突然の攻撃に、ゾアンたちは脇下から翼を出し、それで顔面を覆った。
「うむ!急所が頭であることは人間と変わりないですね!やはり、地上の生物だと目は出来るだけ高い位置につくものだから、その神経を繋げる脳も近い場所にあると考えるのが自然でしょう。」
しかし、予想外だったのはゾアンの耐久力である。
死体の解剖結果から予測して銃弾の威力を設定したつもりだった。
弱らせて捕まえて、もっと広い場所へ移動させようか、という意図の一端もあり、死なない程度に、ぐらいで考えていたのに、銃弾はほぼ効いてない。

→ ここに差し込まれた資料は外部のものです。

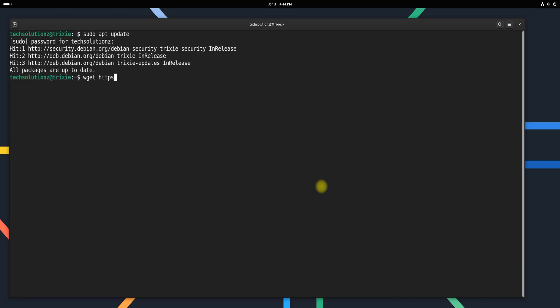We'll acquire the Google Chrome Stable.deb package directly from Google's official source. For this step, it's important to have wget installed on your system. If wget isn't already available, you can quickly install it using your package manager.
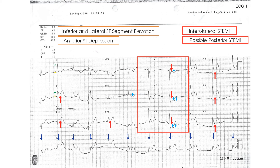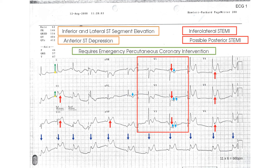Posteriorly placed leads, i.e. V7 and V8, may confirm this. Either way, the patient needs an emergency PCI.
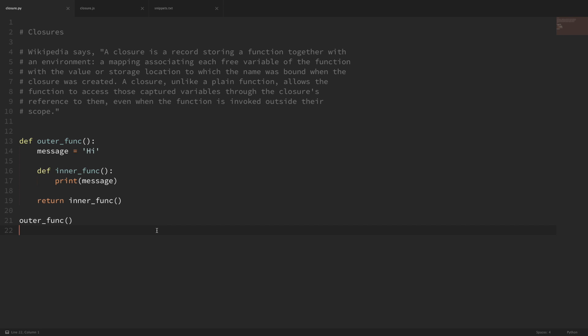In this programming terms video, we're going to be going over the term closure. We're going to look at closures in both Python and JavaScript so we can see this concept in two different languages, and that may help the term sink in a little bit. So don't worry if you're not familiar with one of these languages. What's important is to take away the concept of a closure and not the specific syntax of any one language.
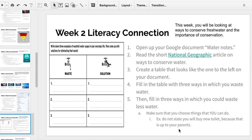An example of what not to write is something like 'buy a new toilet,' because that's not something you personally could do — your family might be able to do that. Think about a way in which you could use less water when you're using the bathroom, washing your hands, or brushing your teeth. Those are great things that you could write here.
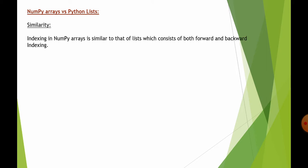The first topic is NumPy Arrays vs Python Lists. We'll be drawing some comparisons between NumPy Arrays and Python Lists. Let's have a look at the similarity first. Indexing in NumPy Arrays is similar to that of Lists, which consists of both forward and backward indexing. In Class 11, we have studied about lists and also about their indexing. So let's see how indexing works in arrays.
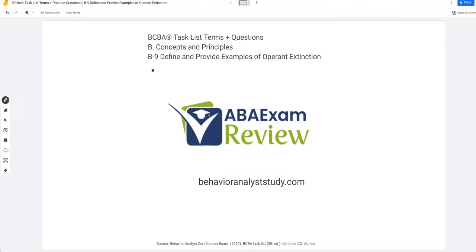Welcome back to ABA Exam Review in our BCBA task list series. We're continuing today with concepts and principles and B9. You might have noticed we skipped B8 — that's because it's mildly redundant from what we'll talk about later in the series, so we combine that into one in a later video. We will get back to it. So that being said, we're going to B9: operant extinction — in other words, extinction procedures.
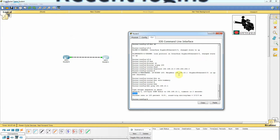So that's how we configure EIGRP, the Cisco proprietary routing protocol. The administrative distance is 90 for internal routes and 170 for external routes.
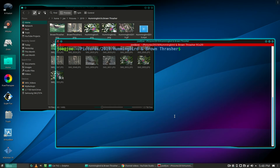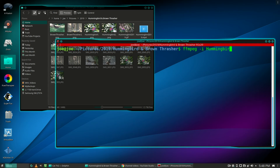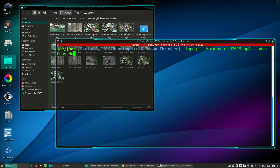Now type ffmpeg -i, the name of the file you want to convert, which is hummingbird2019.mp4. Then type -codec copy and the name of your output file, which I'm going to call hummingbird.mkv.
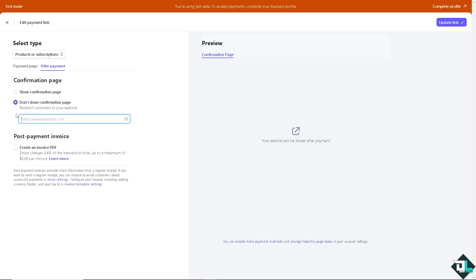And of course, this is the section where it will give you options to redirect customers to your website. For example, I'm going to be putting in jeeplabs.com.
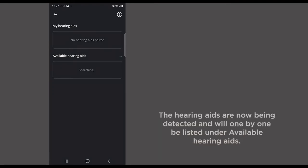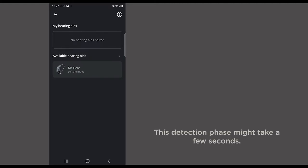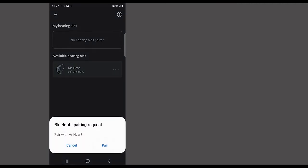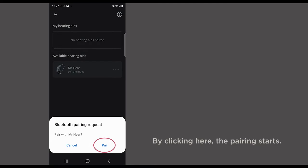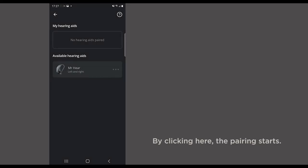The hearing aids are now being detected and will one by one be listed under Available hearing aids. Select Next. This detection phase might take a few seconds. By clicking here, the pairing starts.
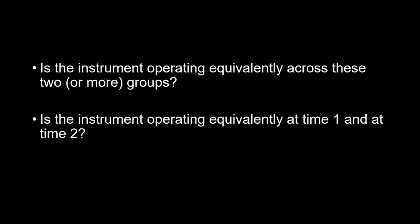Otherwise, any mean differences you observe may be due to instrument bias.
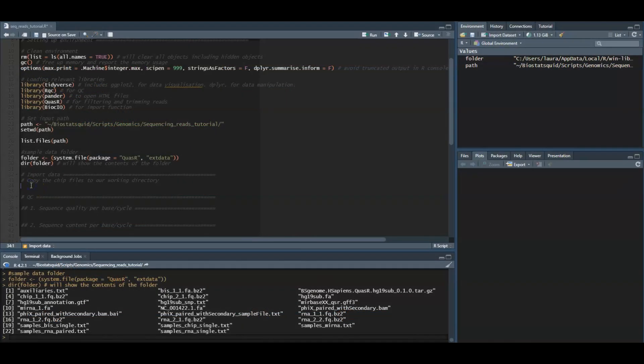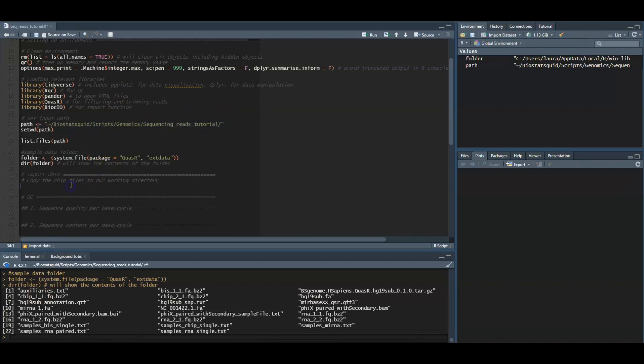We start the example workflow by copying the files we need from the sample data folder to our current working directory. Of course you can just copy the files manually, but we will just do it with a bit of code here.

皮膚と筋肉の間にもう一つ層があったが、ここで銃弾は止まったのだろう。
「筋肉を縮小させると、鋼のような硬度を得るようですね。このレベルの銃弾だと、傷もつかない、と。予想以上でしたね。」
ゾアンは、銃が出てきた元を特定すると、そこまで疾走していき、一瞬で壁から飛び出ていた銃をへし折った。
「ああ、もう、早く戻さないから…まあ、いいでしょう。予算はまだまだありますし。それにしても、脚も速いですね。今、最大で何キロ出ていましたか。」
「今ので最大61キロです。」
「神経強化剤と筋肉増強剤を投与したアスリートと同じぐらいの速さですね。それにしても、謎が多い生物ですね。通常、空を飛べるような生物は体重も軽く平地で脚は速くはないものですが。」
身体は太くはない。ただし、筋肉の密度が半端ないため、相当な強さを誇る。
解剖により、翼はかなりの大きさにまでなることはわかっている。
恐らくだが、すごい勢いでバタつかせる筋力を持っているのであろう。
「ああ〜〜〜、早く飛んでいるところを見たい!もっと大きな場所に移動させたい〜〜!!」
ドクター・ムニエルはジタバタする。周囲の研究員は、苦笑いを浮かべながら、また始まったか、という様子だ。
「よし、次は電撃に対する耐久度を確認しましょう……」
「サンプル個体Aに対し、これより電撃耐久試験へ入ります。」
グオオオンっと機械音が鳴り響く。マジックミラー越しに見ていると、ゾアンに反応はない。やはり耳はないようだ。
「レベル1、5ⅿA」
5キロボルトの電流が閃光と共にゾアンを襲う。
しかし、ちくちくする程度なのか、ボリボリと腕を掻いているだけだ。
「レベル2,10ⅿA」
またしても閃光が走る。今度は少し身体をうねらせる程度だった。ゾアンはキョロキョロと電撃の出どころを探る。しかし、電撃は常に場所を変えて出てくるので避けられない。
「レベル3,20ⅿA」
今度は少しだけ痛いのか、身体をビクっとさせた。
「レベル4・・・」
このような進め方で、少し間を置きながら、最後はレベル18まで到達した。
このレベルだと、流石のゾアンも断末魔のような叫び声をあげて、皮膚が爛れてしまった。
「や、やりすぎましたかね…しかし、電撃への耐久度も高いですね。驚きました。」
ドクター・ムニエルは感心したような調子で喋る。
「うむ、あれだけの生物多様性の世界だ、文明のアドバンテージがあるとはいえ、その頂点に君臨する者が弱いわけがない。よし、今度は個体Bを使って、衝撃テストを行うことにしよう。」
「イエス、サー!」
「それにしても、やはり遠目に見るだけでは分からないことばかりだな…」
ドクター・ムニエルは目を細める。
「設定は、どうしましょうか?」
「ここまでの耐久力を考えるならば、20Gぐらいまでは耐えるだろう。」
「に、20Gですか?大丈夫ですかね?」
「君も科学者のはしくれなら、ギリギリを攻めなさい。その領域にこそ、未知への突破口があるのだよ。」
「はい!ドクタームニエル!精進します!」
この日の試験後、個体Bは腕と肋骨を骨折したようだった。
(あの筋肉化け物がなぜあんな文明を築けているのか、不思議でたまらんですね。)
この日の実験の終了後、ドクタームニエルは鼻歌交じりにコーヒーを啜りながら、一つのファイルに目を通していた。
そこには、『ハルモニア侵略計画(素案)』と書かれていた。